President, Opposition Leader likely to meet today

Appointment of GECOM Chair

More than one week after they last met, President David Granger and Opposition Leader Bharrat Jagdeo are likely to meet sometime today to continue discussions on the appointment of a new Guyana Elections Commission (GECOM) Chairperson.
This was revealed by Jagdeo at his weekly press conference on Thursday. In updating the media on the process, he said Director General at the Ministry of the Presidency, Joseph Harmon, contacted him on Wednesday evening.
“I got a call from Harmon saying to me that a meeting is contemplated for some time (Friday) with the President. So that’s where we are in terms of the selection of the Chairman of GECOM. So I’m awaiting confirmation of that meeting,” Jagdeo stated.
Currently, the Opposition Leader is awaiting the President’s feedback on four new names that were presented last Wednesday for consideration. These additional candidates were handed over during a meeting between representatives selected by the two leaders to “hammer out” a final list of six names.
Already, the President has found four of the Opposition’s candidates “not unacceptable”. This means they will potentially end up on the final list of six nominees to be submitted to the President by the Opposition Leader for the selection of a new GECOM Chair.
While those final four names were not disclosed, Guyana Times understands that Conflict Resolution Specialist Lawrence Latchmansingh is among those whom the Head of State found acceptable.

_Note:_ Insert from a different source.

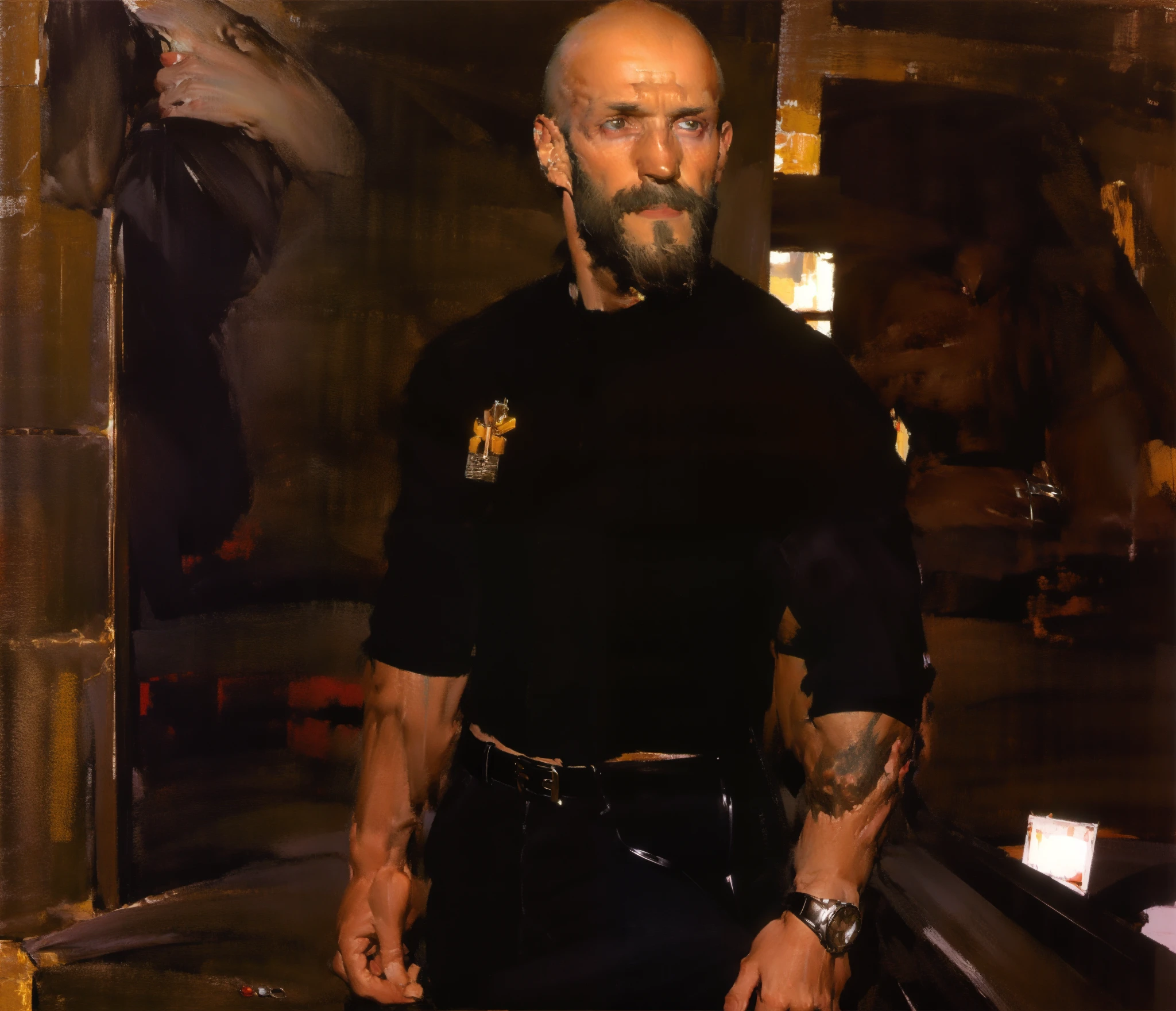 character sheet, dilf, short beard, bald, lean body, tattoos, skater shoes, early 40's, wrist watch, white socks, artistic, black jeans, hunter green shirt, standing, handsome, gentle expression, slim tall build, white male, piercings, accessories, bracelets, nose piercing, silver earrings, art gallery, black belt, blue atmosphere background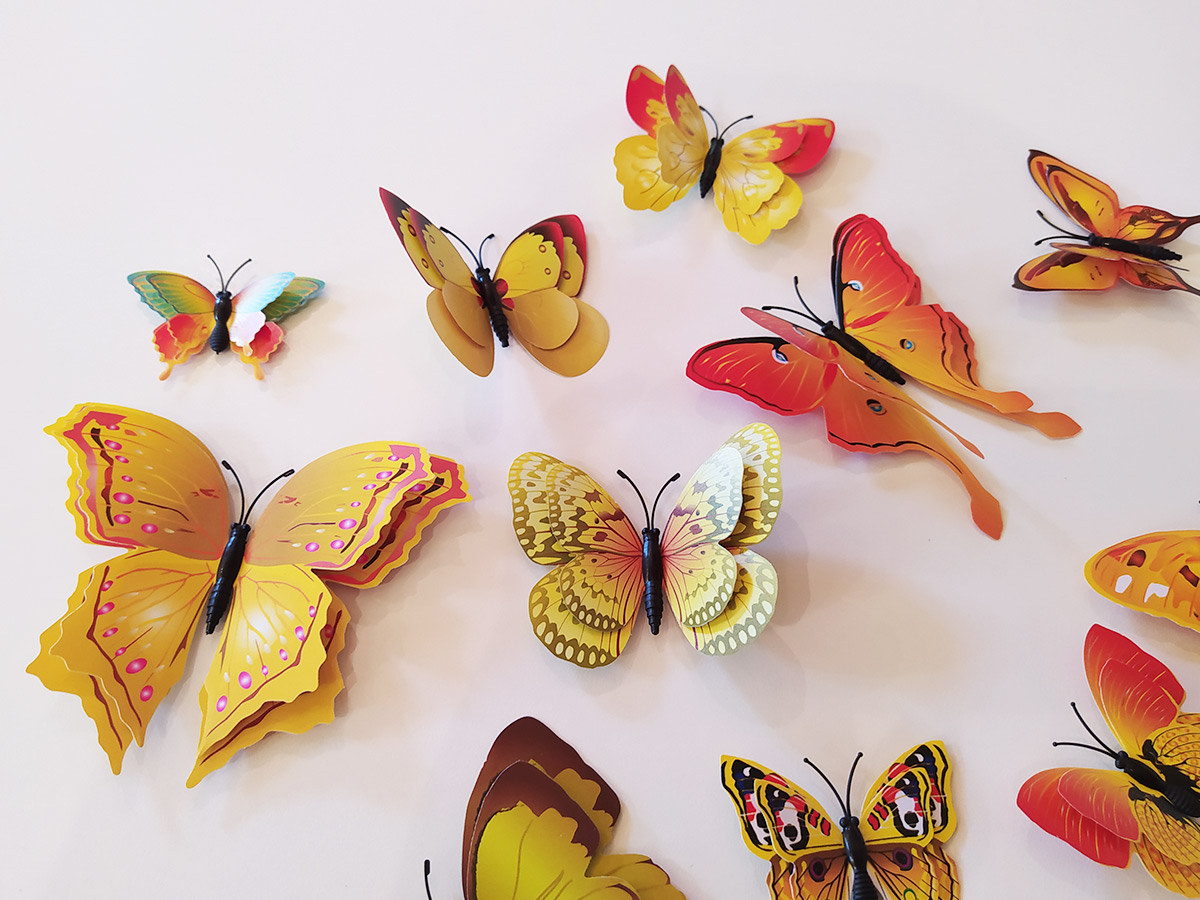 3D dekorace 3D motýli s dvojitými křídly žlutí, 3D samolepky na zeď 3D motýli s dvojitými křídly žlutí, 3D nálepky na zeď 3D motýli s dvojitými křídly žlutí, 3D dekorace na stěnu 3D motýli s dvojitými křídly žlutí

Initially, the Opposition Leader had presented 11 names to be “hammered out” by a working group comprising of representatives from both Government and the Opposition. These nominees were among the 18 rejected back in 2017 by President Granger, who had gone ahead and unilaterally appointed retired Justice James Patterson as the GECOM Chair.
However, the Caribbean Court of Justice (CCJ) on June 18, 2019, had ruled that Justice Patterson’s appointment was flawed and unconstitutional. Days later, he stepped down opening up the process for a new chairman to be appointed.
As such, the regional Court had urged that there be consensus between the two leaders in this process, resulting in the establishment of the working group. However, during a series of meetings earlier this month, the President’s representatives shortlisted only five of the Opposition’s 11 nominees.
This resulted in a breakdown in those talks and the process was then referred back to the two political leaders, who met last Tuesday and agreed to continue the hammering out process with a smaller team.
That team met on Wednesday, during which the four additional names were tabled. These new candidates are not among those 18 previously rejected by the Head of State.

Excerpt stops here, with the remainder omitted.